A Montgomery County Circuit Court judge a year ago ruled against the group’s lawsuit. The group appealed to the state’s second-highest court.

The Save Westbard group asked the appeals court to void the Westbard Sector plan and issue an injunction against developers to prevent them from pursuing projects in the area.

The more than 100-page Westbard Sector Plan recommends zoning changes and recommendations for “community facilities,” like schools and civic space, transportation and parks.

The plan “does not explicitly include information about the potential impact on greenhouse gases,” the Court of Special Appeals ruling says.

However, the court said the law “does not legally mandate particular action.” The court ruling also says local law “specifically includes no requirement that the Plan includes the steps taken in connection with a greenhouse gas analysis or documentation of a carbon footprint analysis.”

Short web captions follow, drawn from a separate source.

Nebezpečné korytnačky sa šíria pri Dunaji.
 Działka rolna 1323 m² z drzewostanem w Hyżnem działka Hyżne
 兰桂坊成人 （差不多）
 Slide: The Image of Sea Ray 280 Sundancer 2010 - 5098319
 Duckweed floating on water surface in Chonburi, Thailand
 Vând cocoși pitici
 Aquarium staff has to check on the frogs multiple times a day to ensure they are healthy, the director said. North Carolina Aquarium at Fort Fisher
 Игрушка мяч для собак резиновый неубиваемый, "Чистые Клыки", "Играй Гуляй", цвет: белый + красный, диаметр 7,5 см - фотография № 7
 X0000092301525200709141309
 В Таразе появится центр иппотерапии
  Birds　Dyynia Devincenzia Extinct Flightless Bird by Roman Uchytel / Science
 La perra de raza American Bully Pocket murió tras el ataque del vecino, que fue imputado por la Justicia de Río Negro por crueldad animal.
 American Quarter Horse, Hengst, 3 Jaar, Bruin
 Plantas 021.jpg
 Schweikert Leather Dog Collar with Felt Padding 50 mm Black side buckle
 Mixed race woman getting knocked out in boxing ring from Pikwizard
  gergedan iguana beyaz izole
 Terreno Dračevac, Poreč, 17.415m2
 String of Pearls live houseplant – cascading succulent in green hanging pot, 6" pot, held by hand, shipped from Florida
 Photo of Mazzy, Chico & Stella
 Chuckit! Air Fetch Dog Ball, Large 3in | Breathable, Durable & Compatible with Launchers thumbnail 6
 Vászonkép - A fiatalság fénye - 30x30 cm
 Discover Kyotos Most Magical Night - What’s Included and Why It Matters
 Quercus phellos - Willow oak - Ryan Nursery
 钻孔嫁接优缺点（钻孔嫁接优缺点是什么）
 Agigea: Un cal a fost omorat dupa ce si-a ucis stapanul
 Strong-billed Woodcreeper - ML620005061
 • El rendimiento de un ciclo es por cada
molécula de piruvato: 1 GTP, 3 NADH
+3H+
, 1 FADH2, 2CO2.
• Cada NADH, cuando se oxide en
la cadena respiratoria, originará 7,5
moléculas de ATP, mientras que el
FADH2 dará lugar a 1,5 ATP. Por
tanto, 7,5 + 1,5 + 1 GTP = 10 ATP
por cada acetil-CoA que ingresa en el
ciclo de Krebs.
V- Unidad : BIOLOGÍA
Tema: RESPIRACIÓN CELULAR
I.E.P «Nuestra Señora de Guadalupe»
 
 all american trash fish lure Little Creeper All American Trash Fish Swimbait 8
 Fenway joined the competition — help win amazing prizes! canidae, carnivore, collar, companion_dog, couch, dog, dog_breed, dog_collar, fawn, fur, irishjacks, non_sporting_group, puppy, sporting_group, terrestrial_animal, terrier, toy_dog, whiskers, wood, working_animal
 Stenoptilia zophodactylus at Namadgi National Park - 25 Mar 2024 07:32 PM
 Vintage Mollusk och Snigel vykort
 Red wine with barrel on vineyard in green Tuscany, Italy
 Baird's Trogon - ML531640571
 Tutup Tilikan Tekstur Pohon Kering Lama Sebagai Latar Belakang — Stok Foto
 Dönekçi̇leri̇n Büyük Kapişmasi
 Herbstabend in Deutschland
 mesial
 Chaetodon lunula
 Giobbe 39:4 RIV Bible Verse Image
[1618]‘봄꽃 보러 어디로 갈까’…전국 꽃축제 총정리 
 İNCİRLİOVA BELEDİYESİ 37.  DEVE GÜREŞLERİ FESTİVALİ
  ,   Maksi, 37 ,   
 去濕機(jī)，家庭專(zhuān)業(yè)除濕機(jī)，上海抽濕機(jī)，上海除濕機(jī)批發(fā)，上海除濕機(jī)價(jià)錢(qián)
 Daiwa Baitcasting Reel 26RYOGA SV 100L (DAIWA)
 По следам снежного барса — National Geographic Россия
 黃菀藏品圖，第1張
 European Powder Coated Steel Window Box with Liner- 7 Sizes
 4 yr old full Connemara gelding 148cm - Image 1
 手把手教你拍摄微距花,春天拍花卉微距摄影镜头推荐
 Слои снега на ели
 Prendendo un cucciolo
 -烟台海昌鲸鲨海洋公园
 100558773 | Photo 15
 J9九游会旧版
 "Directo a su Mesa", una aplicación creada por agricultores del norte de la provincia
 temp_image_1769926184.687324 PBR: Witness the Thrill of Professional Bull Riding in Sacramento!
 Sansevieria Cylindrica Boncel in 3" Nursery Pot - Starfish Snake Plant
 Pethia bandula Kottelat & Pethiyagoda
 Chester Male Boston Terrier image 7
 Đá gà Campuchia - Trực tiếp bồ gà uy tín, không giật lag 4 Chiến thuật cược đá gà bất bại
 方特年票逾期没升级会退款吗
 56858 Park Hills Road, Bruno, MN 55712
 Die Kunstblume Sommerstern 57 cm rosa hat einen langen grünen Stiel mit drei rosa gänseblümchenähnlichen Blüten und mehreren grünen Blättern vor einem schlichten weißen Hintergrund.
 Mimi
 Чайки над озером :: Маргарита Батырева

In response to Save Westbard’s claim that the County Council violated state law by not holding a public meeting after amendments were proposed to the plan, the Court of Special Appeals agreed with a previous Montgomery County Circuit Court ruling that said “the Plaintiffs were afforded substantive due process.”

The appellate court said the assertion that the council didn’t hold appropriate hearings was “over reaching based on semantics.”

Neither county Planning Department officials nor attorneys for Save Westbard could immediately be reached for comment Thursday morning.

Members of Save Westbard became increasingly frustrated with the sector plan as plans for a development project in the area moved through the county’s approval process.

The recently approved development plan will add about 500 residences and 205,000 square feet of retail and restaurant space at the Westwood Shopping Center site.

The problem, Save Westbard says, concerns a proposed park area and its viability due to a standing easement agreement. The easement, which allows long-term access to a property without selling the land, is with a nearby condominium complex. Save Westbard members argue that the easement would prohibit a full build-out of a proposed park.

The first draft of the property’s development plan was submitted in 2016, calling for roughly 1.8 million square feet of development, including townhouses, high-rise apartments and a mixed-use building.

Community members voiced displeasure about the proposal. Developers altered the plan two times, settling on plans that include a park, a supermarket and a five-story, 500-unit apartment building with ground-floor retail and underground parking.

The County Planning Board approved the plans in March and developers said construction could start this year. The project is led by Florida-based developer Regency Centers.